金融政策決定会合後に記者会見する黒田東彦総裁=17日午後、東京都中央区の日銀本店(代表撮影)

 会合後の公表文で、日銀は為替市場の物価への影響について「十分注視する必要がある」と明記。黒田氏も会見で、急激な円安は「経済にマイナスで望ましくない」と述べ、市場をけん制する姿勢も示した。ただ、緩和維持の決定直後には、円相場が一時1ドル=134円台後半を付けるなど短期間で1円以上円安が進む場面があった。
 金融緩和を継続する理由について、黒田氏は「今の物価上昇は、国際的なエネルギーや食料品の上昇を受けたもので景気への下押し圧力になっている」と指摘。その上で「そういう時に金利を上げると、コロナ禍から回復しつつある日本経済がさらに悪くなる」と説明した。(岸本拓也)
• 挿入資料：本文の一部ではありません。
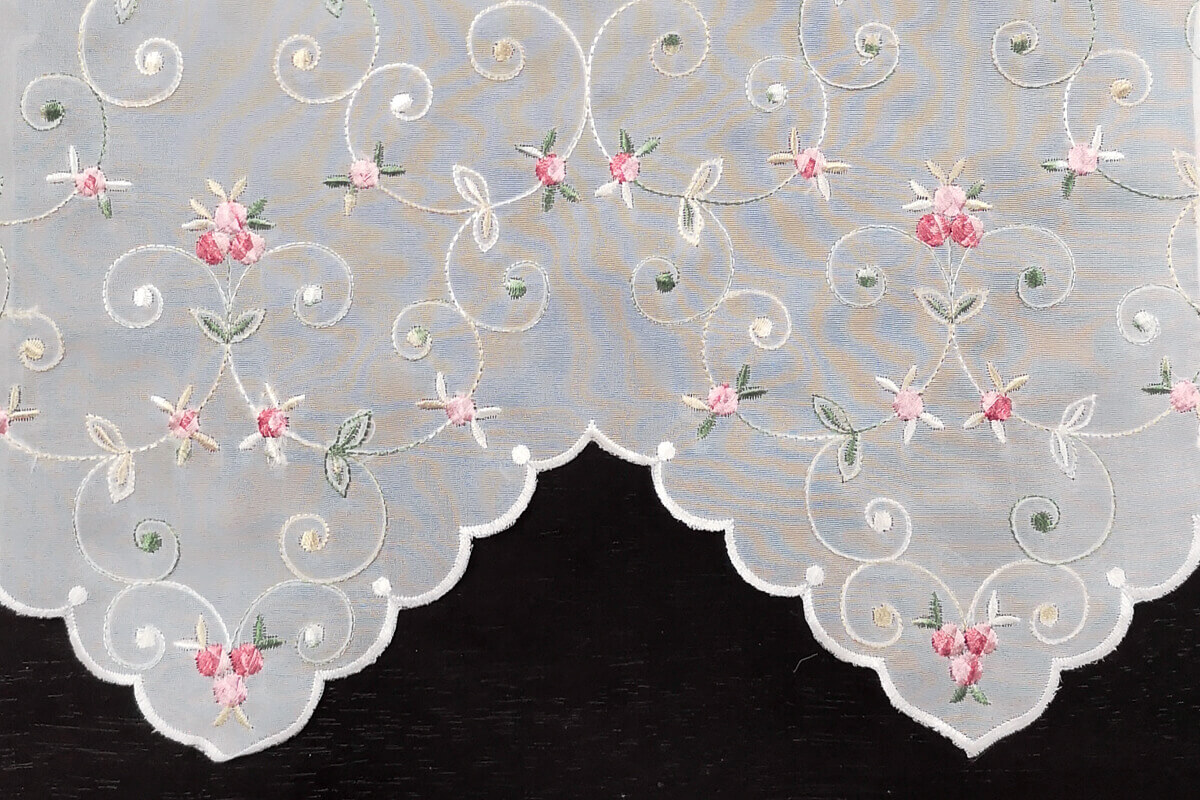 【SALE】プチバラ刺繍 カフェカーテン 約135×60cm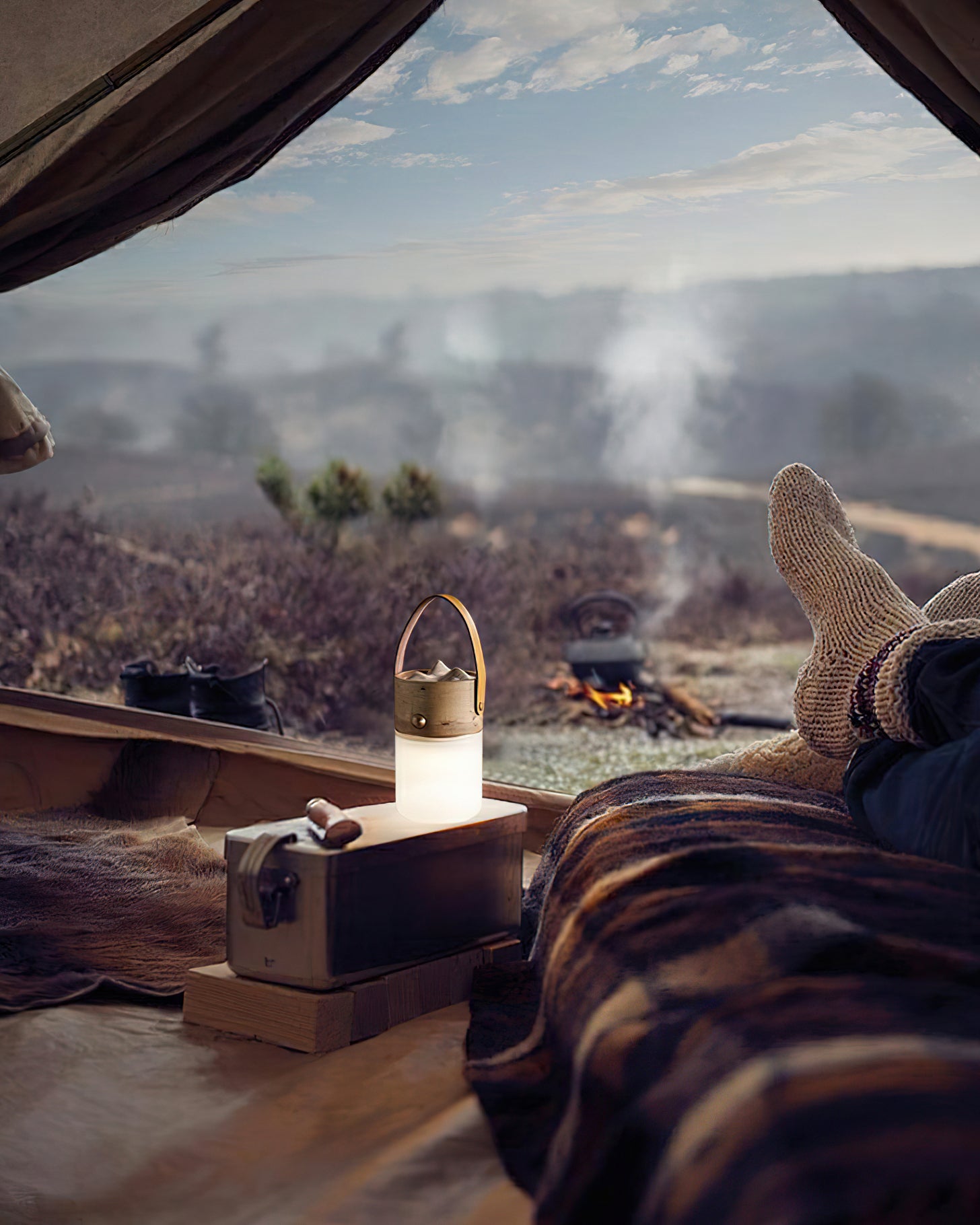 Nomad Lantern Table Lamp - Blowlighting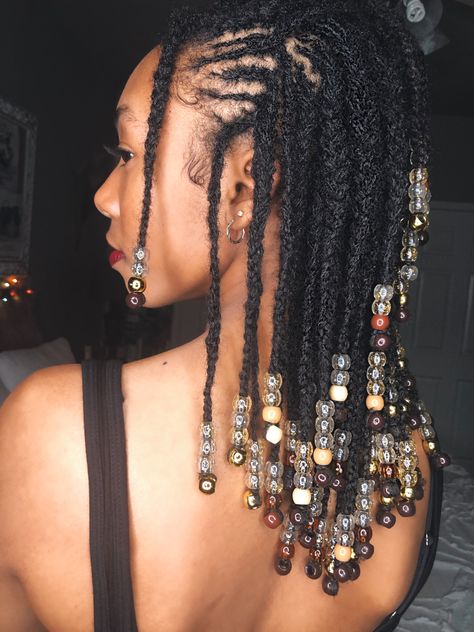 Fulani Braids With Locs, Beads On Sisterlocks, Microlocs With Beads, Fulani Locs, Microlocs Hairstyles, Microlocs Styles, Sisterlocks Styles, Micro Locs, Sister Locs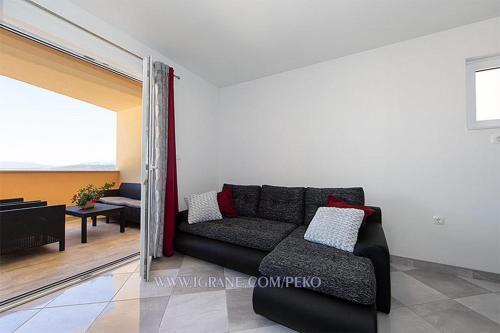 Apartments By The Sea Igrane, Makarska - 18405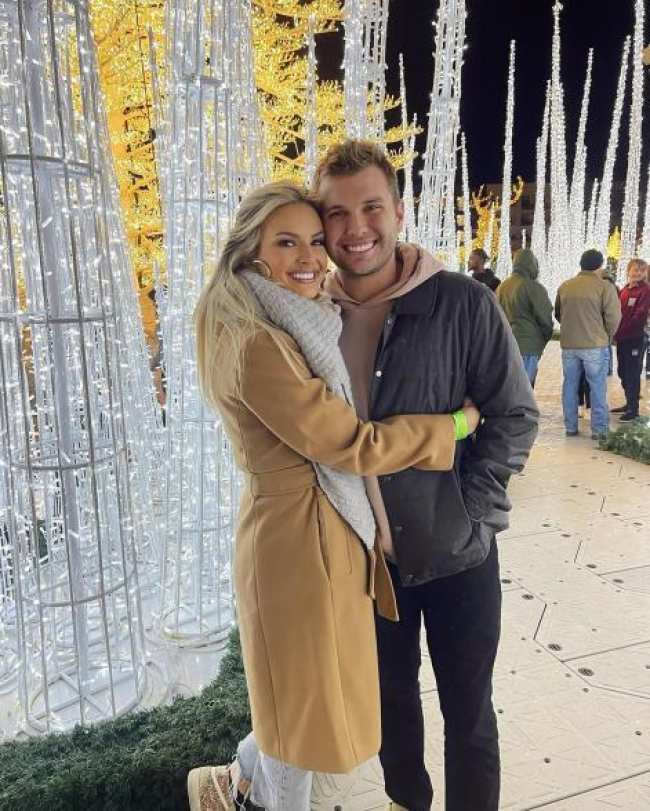 Emmy Medders y Chase Chrisley abrazandose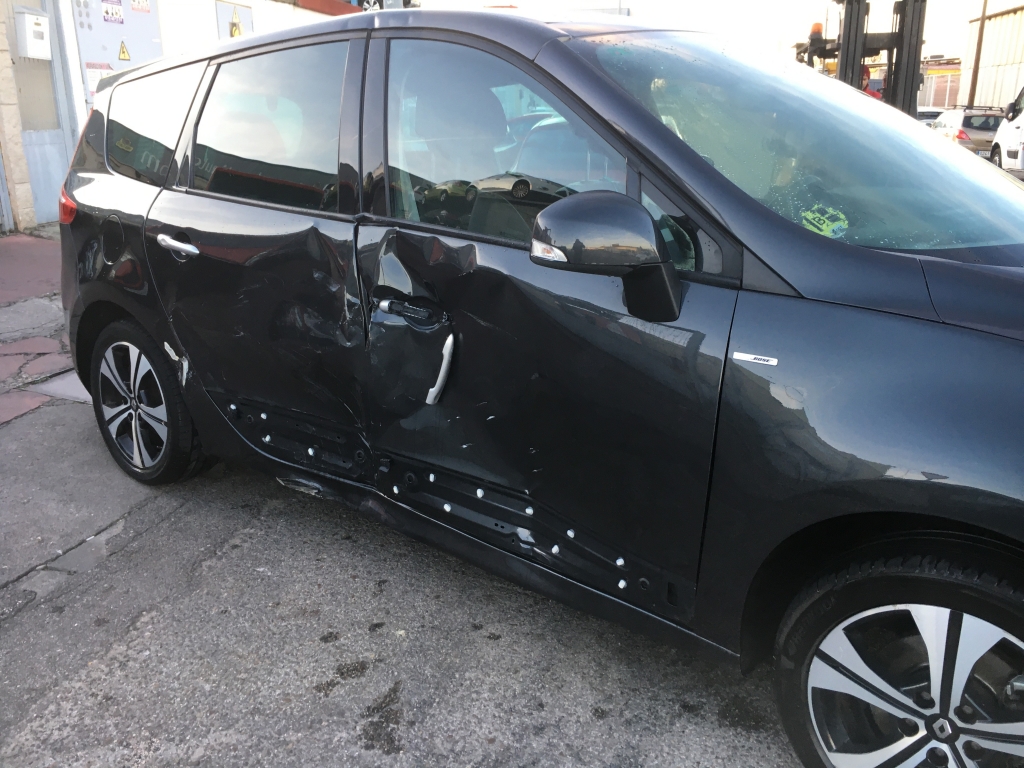 RENAULT GRAND SCENIC 1.6 DCI 130CV 7 PLAZAS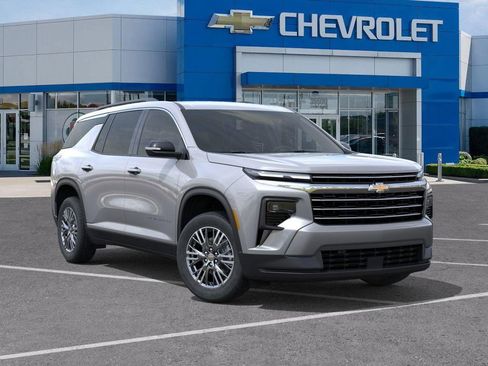 New 2026 Chevrolet Traverse LT image 7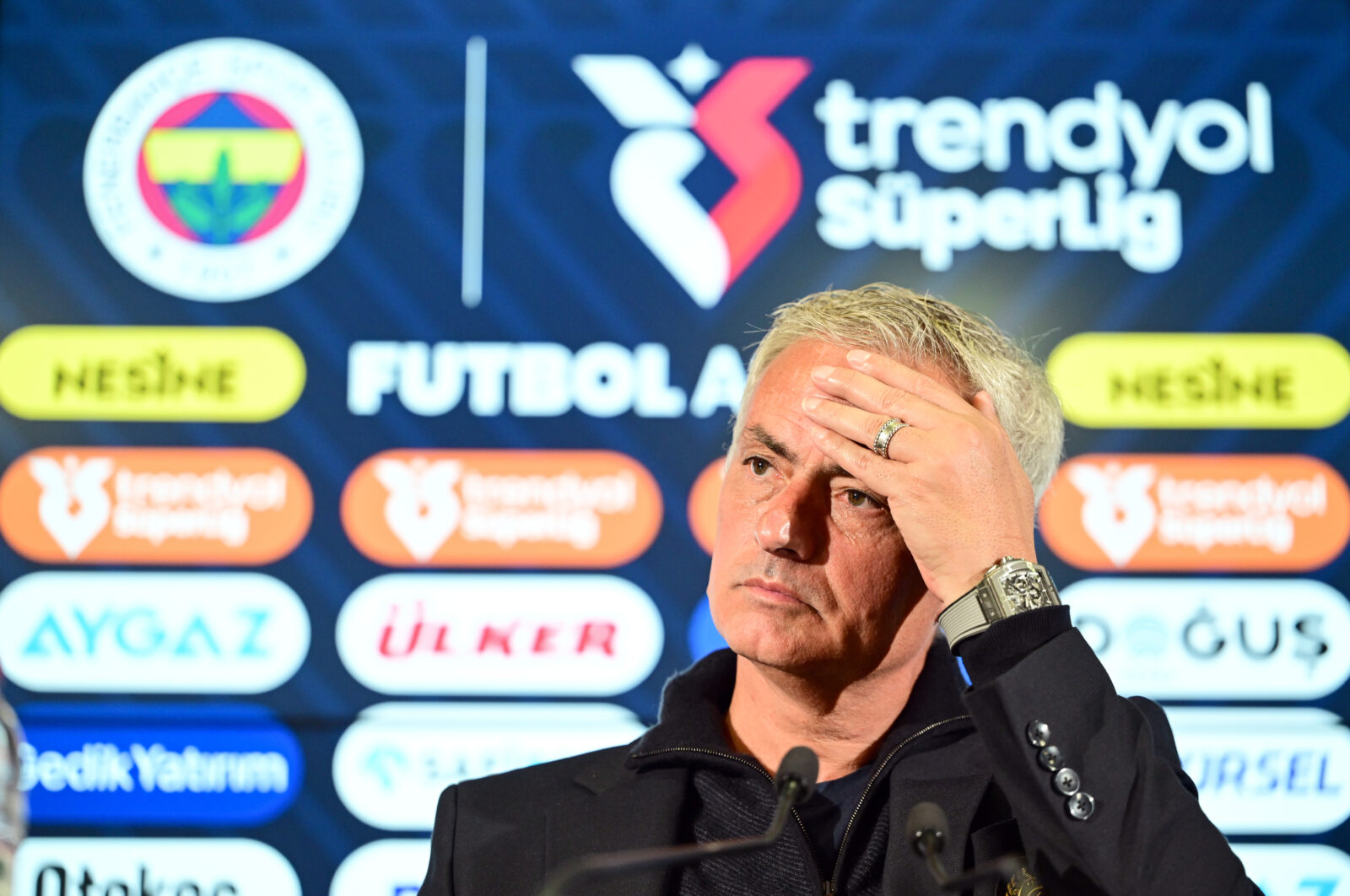 Galatasaray’s Muslera slams Mourinho’s criticism of Turkish football: 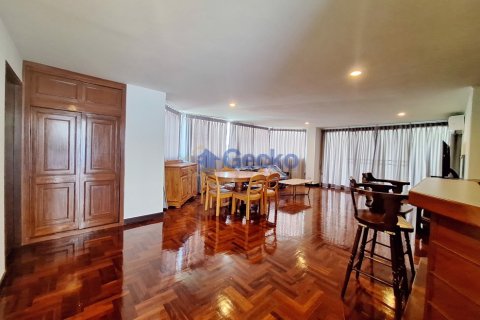 Condo in Pattaya, Thailand, 3 bedrooms № 196513 - photo 19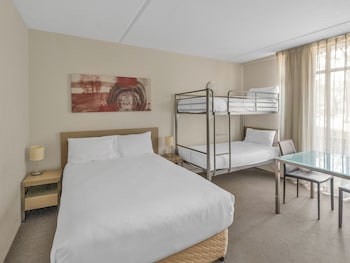 Large Family Room, Multiple Beds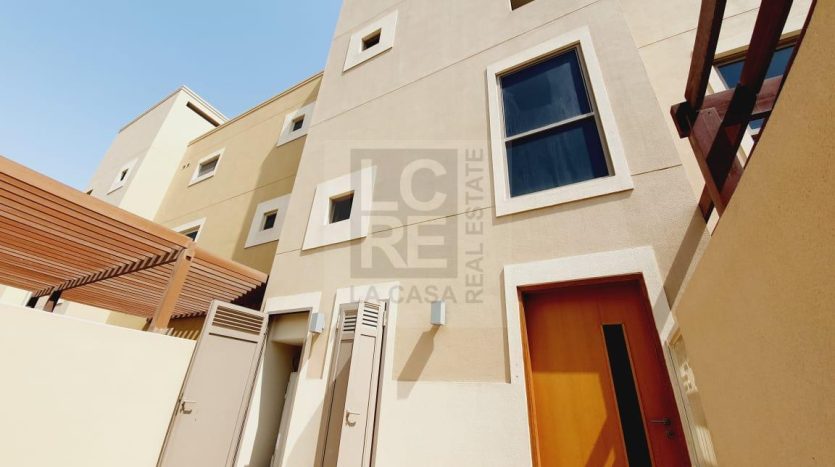 Villa in Al Raha Gardens, Abu Dhabi, UAE 4 bedrooms, 288.9m2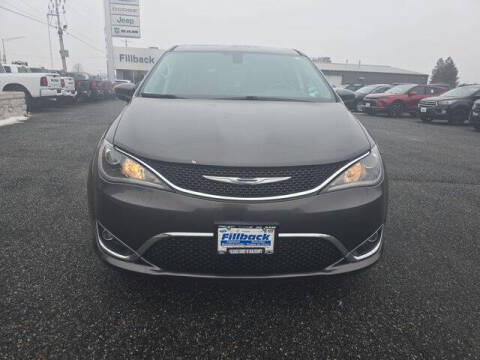 2017 Chrysler Pacifica Touring-L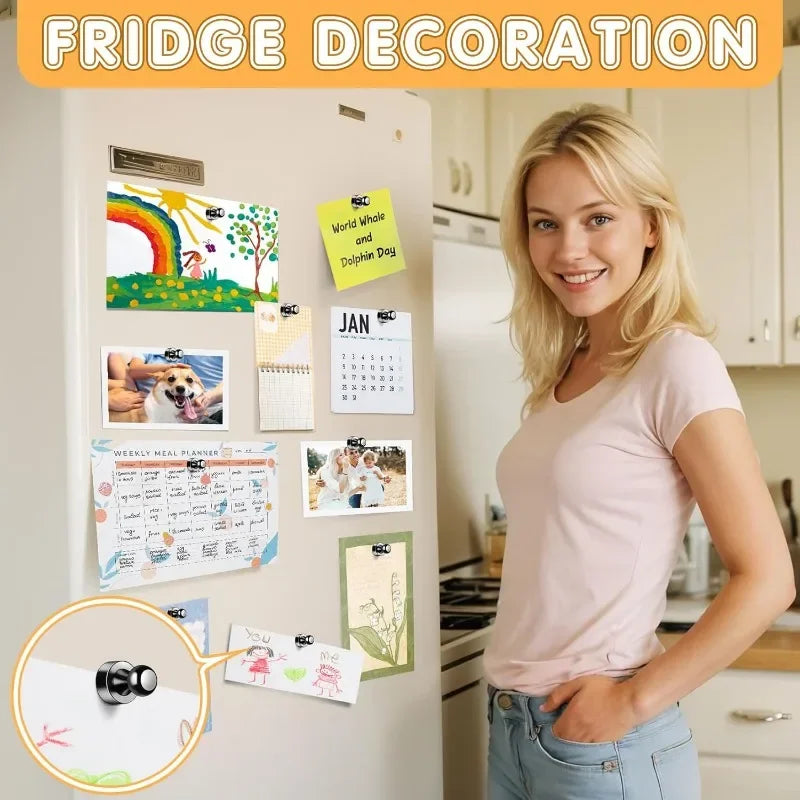 Eine blonde Frau steht vor einem Kühlschrank, der mit verschiedenen Papierauszügen und Magneten dekoriert ist.
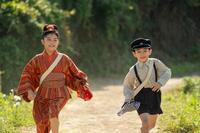 嵩（木村優来）と一緒に駆け出すのぶ（永瀬ゆずな）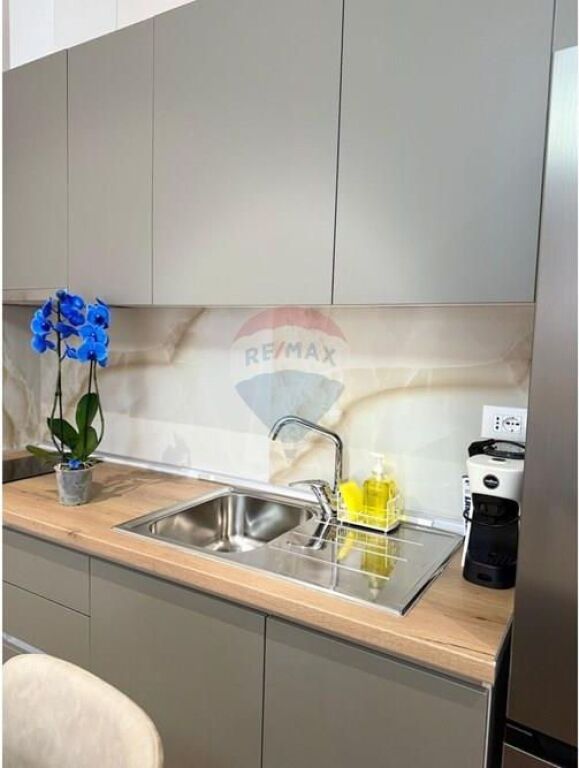 Apartment 1+1 for rent on Kavaja Street!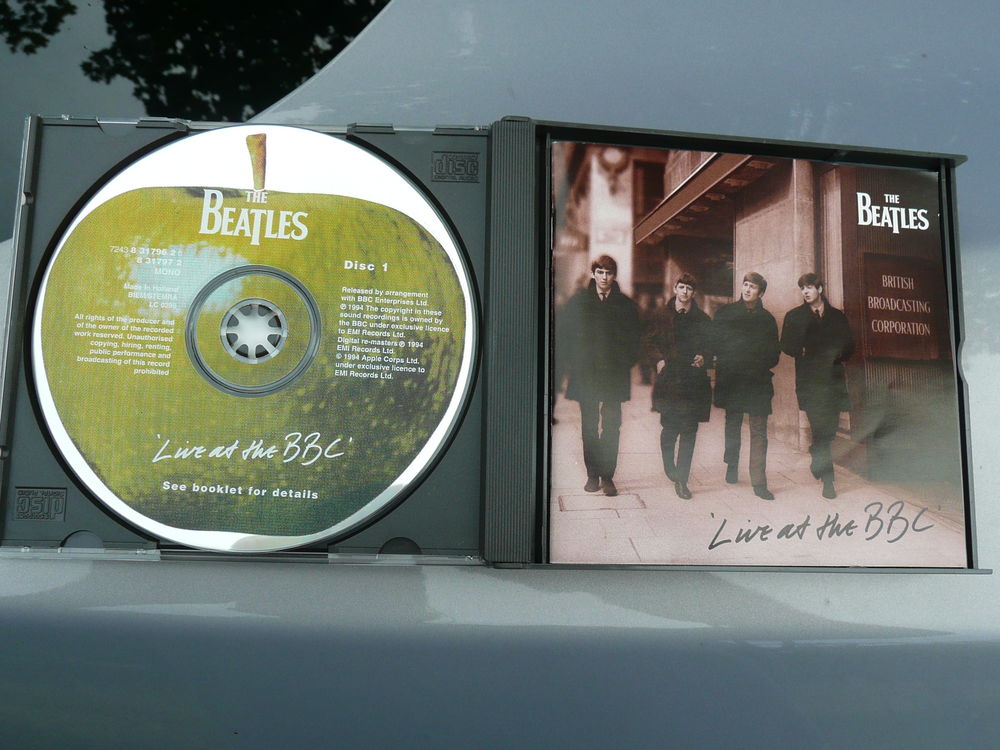 Coffret de 2 x CD The Beatles CD et vinyles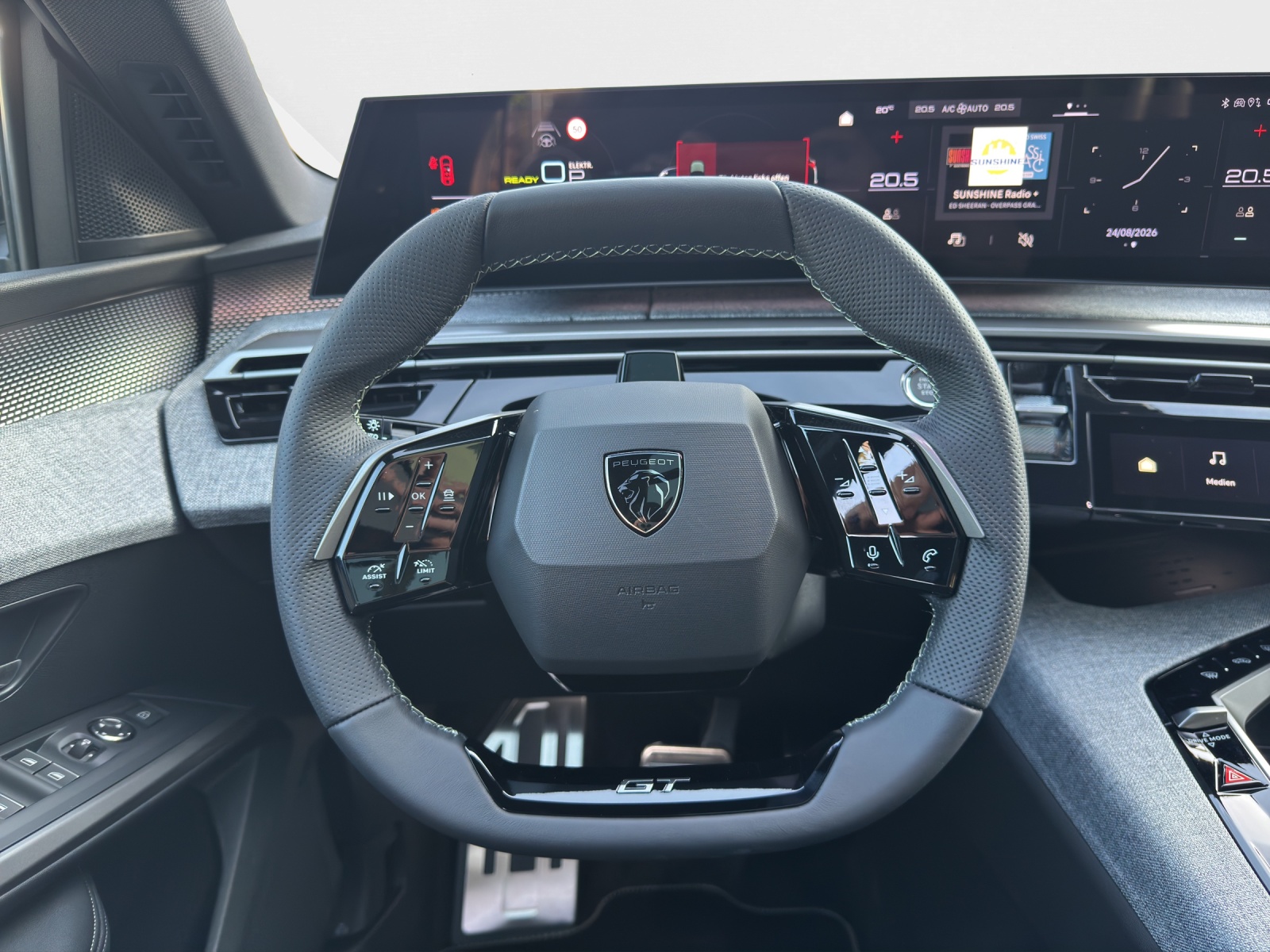 PEUGEOT 5008 1.6 PHEV 225 GT Exclusive-image-8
◆なぜ日銀は緩和修正に踏み込めない? 利上げも円安も景気冷やすジレンマ

 物価高を助長する円安が進む中、日銀は17日の金融政策決定会合で緩和策の維持を決めた。インフレを抑えるため主要国の中央銀行はそろって金融引き締めへ向かう。緩和継続にこだわる日銀の政策により、円の独歩安が進みかねない。
 「今の物価上昇は景気に対する下押し圧力になっており、金利を上げると日本経済のコロナ禍からの回復を否定してしまう。経済がさらに悪くなってしまう」
 黒田東彦総裁が17日の会見で述べたこの見解が、日銀が金融引き締めに動かない理由だ。利上げは海外との金利差を縮小させ円安進行を止める効果は見込めるものの、企業や個人はお金を借りづらくなる。コロナ禍で過剰債務を抱えた中小企業や住宅ローン世帯への影響も小さくなく、景気を冷やしかねないとの見方だ。
 日銀の大規模緩和は安倍政権の看板政策「アベノミクス」の一環で長年続けており、利上げするとそのツケで政府の財政状況が一気に悪化する恐れもある。日銀は金利を抑えるため国の借金である国債を大量に購入、おかげで政府は低金利で借金を重ねることができる。だが、利上げすると借金頼みの財政運営に支障をきたすことになる。
 日銀は、米国との経済状況の違いも引き合いに出す。直近4四月の日本の消費者物価指数(生鮮食品を除く)が前年同月比2.1%だったのに対して、米の5月の消費者物価指数は同8.6%増と約40年ぶりの高水準だった。エネルギーや食品の高騰に悩むのは両国とも同じだが、米ではレジャーや自動車、住宅などへの旺盛な消費も価格を引き上げている。
 日本でも供給側の要因ではなく、景気回復を理由に物価上昇が続けば、緩和からの金融正常化に向かう、と黒田氏は述べている。それまでの間は、円安がさらに進むことを覚悟しつつ消費を喚起する考えだ。
 ただ問題は、急激な円安が景気を冷やす点だ。経済同友会の5~6月の調査で企業経営者の73%が「円安はマイナス」と回答。消費者心理の悪化だけでなく、企業の投資計画にも影を落としかねない。
 東短リサーチの加藤出社長は「政府・日銀とも、金利上昇への警戒感の方が強い。日銀が動かず、米国の利上げの到達点が高まれば、1㌦=140円を超える可能性は高い」と指摘する。
 今年初めは「悪い円安とは考えていない」と楽観視していたが、次第に為替相場をけん制する発言も増えてきた黒田氏。円安を甘受して低金利政策を続けても、円安を止めるべく引き締めに政策転換しても、景気を減速させかねないジレンマに陥っている。(皆川剛、原田晋也)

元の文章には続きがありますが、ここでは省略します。